§ **Entries supplied**
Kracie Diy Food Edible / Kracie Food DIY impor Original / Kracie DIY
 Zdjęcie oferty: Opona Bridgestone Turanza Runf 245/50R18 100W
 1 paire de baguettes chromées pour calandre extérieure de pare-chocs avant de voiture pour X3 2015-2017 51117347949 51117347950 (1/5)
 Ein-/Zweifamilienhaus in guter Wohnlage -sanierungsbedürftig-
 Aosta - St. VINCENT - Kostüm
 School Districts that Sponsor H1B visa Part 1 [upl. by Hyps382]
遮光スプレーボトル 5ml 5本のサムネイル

§ **Activity**
Print the records once more, exactly as written.

§ **Response to this task**
Kracie Diy Food Edible / Kracie Food DIY impor Original / Kracie DIY
 Zdjęcie oferty: Opona Bridgestone Turanza Runf 245/50R18 100W
 1 paire de baguettes chromées pour calandre extérieure de pare-chocs avant de voiture pour X3 2015-2017 51117347949 51117347950 (1/5)
 Ein-/Zweifamilienhaus in guter Wohnlage -sanierungsbedürftig-
 Aosta - St. VINCENT - Kostüm
 School Districts that Sponsor H1B visa Part 1 [upl. by Hyps382]
遮光スプレーボトル 5ml 5本のサムネイル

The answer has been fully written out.